In un contesto storico come quello italiano degli ultimi dieci anni, in cui la politica non dà certezze, per i giovani il futuro è sempre più distante dal loro Paese; se si sente parlare solo di terrorismo, di scandali, violenze e mancanza di soldi, è naturale che si cerchi vicinanza nella musica. Siamo nell’epoca in cui tutto è potenzialmente falso, ascoltare della musica sincera che parli del quotidiano o che riesca in qualche modo a farci svagare è fondamentale. Come se non bastasse questa è anche l’era che probabilmente tra qualche anno cambierà il nome da età contemporanea a età digitale: stiamo vivendo anno dopo anno transizioni che segneranno un’epoca, come quella dalla carta al pdf, dagli SMS a Whatsapp, dalla piazza a Facebook e soprattutto dagli mp3 a Spotify. Tantissimi musicisti famosi non hanno ancora digerito la questione e si arrangiano come possono sperando che il mondo non cambi per davvero, ignari che ormai è troppo tardi. I progetti musicali nati a transizione avvenuta, invece, hanno cavalcato l’onda e hanno saputo sfruttare questi mezzi a loro vantaggio. Non devono preoccuparsi di vendere milioni di dischi, tanto a breve non lo farà più nessuno. Per loro è più importante avere seguito sui social, creare scalpore, possibilmente senza finire nel trash (vedi Bello Figo Gu, la cui unica differenza dalle altre band prima citate è proprio l’elemento trash). Ottenuti sufficienti like la strada è spianata e si può finire tranquillamente nei concorsi canori più famosi del bel paese o a fare da giudici ai talent show, così da mettersi da parte un po’ di soldi e reinvestirli in nuovi progetti.

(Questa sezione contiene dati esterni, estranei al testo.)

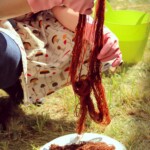 Dzijas krāsošana Latvijas florā atrodamajās sēnēs, 4. starptautiskais mākslas festivāls "Divi Jūliji. Uzdrīkstēšanās" 30.-31.07.2021.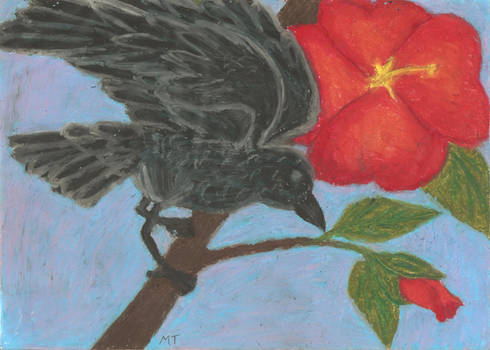 A Crow and Flowers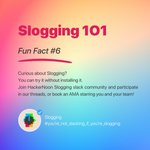 Photo by Slogging I The Slack Blogging App (@sloggingapp)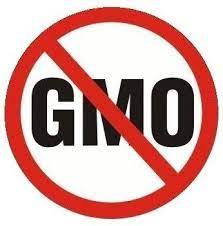 Petition · BAN GMO seeds and prohibit ...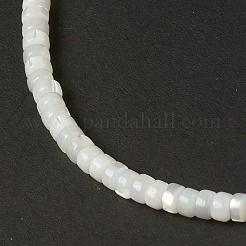 Natural Trochid Shell/Trochus Shell Beads&nbsp;BSHE-B005-12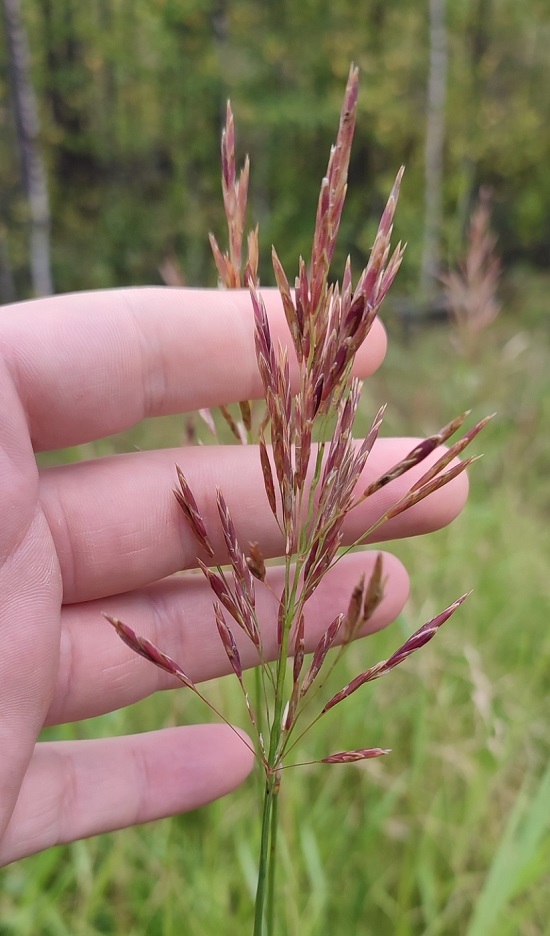 Image of Bromopsis inermis specimen.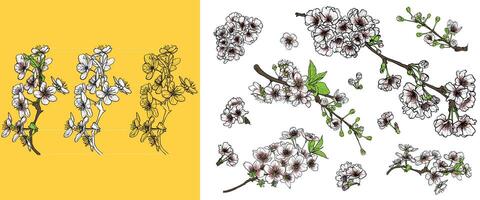 cherry blossoms branches and blooms. Easy to edit, lines and colors in separate in groups. Colorful spring flowers on a yellow and white background. Outline is separate from the fill. vector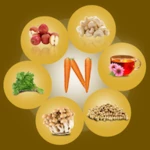 nutrition food android application logo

Indie o no, l’importante è portare avanti la propria carriera e il proprio messaggio, chi se ne frega se qualche purista ti dà del venduto. Ormai anche per questa questione è tempo di una transizione. Accettiamo che come ogni genere musicale anche questo famigerato “indie” finisca nel mainstream nonostante sembri un controsenso visto che è proprio ciò per cui combatte. Lo spirito indipendente c’è sempre stato, anche gli hippie, i punk e gli hipster lo erano in fondo, e anche loro sono stati risucchiati dalla massa, come è naturale che sia. Tra qualche anno verrà fuori una nuova ondata di musica indie chiamata diversamente a cui succederà la stessa cosa. Trovo sia questo il vero senso di canzoni come Indi degli Eva Mon Amour, una band che purtroppo è rimasta davvero molto in ombra rispetto a quelle prima citate. Già nel 2009, con questo singolo di debutto, descrivevano le contraddizioni della scena musicale che li avrebbe in seguito inclusi e poi distrutti (ora quel progetto non esiste più). Si chiedevano:

«Tu mi dici sono indi, indi come indipendente, ma da quali sostanze? Da quali attitudini? Quali circostanze?»

Insomma, indipendente da cosa? Dal mercato? Dalla società? Ogni indie potrebbe rispondere diversamente. Sta di fatto che ormai è diventato solo un modo per cercare di distinguersi a tutti i costi dalla massa, creando una nuova massa di persone che seguono le stesse cose: un bel paradosso.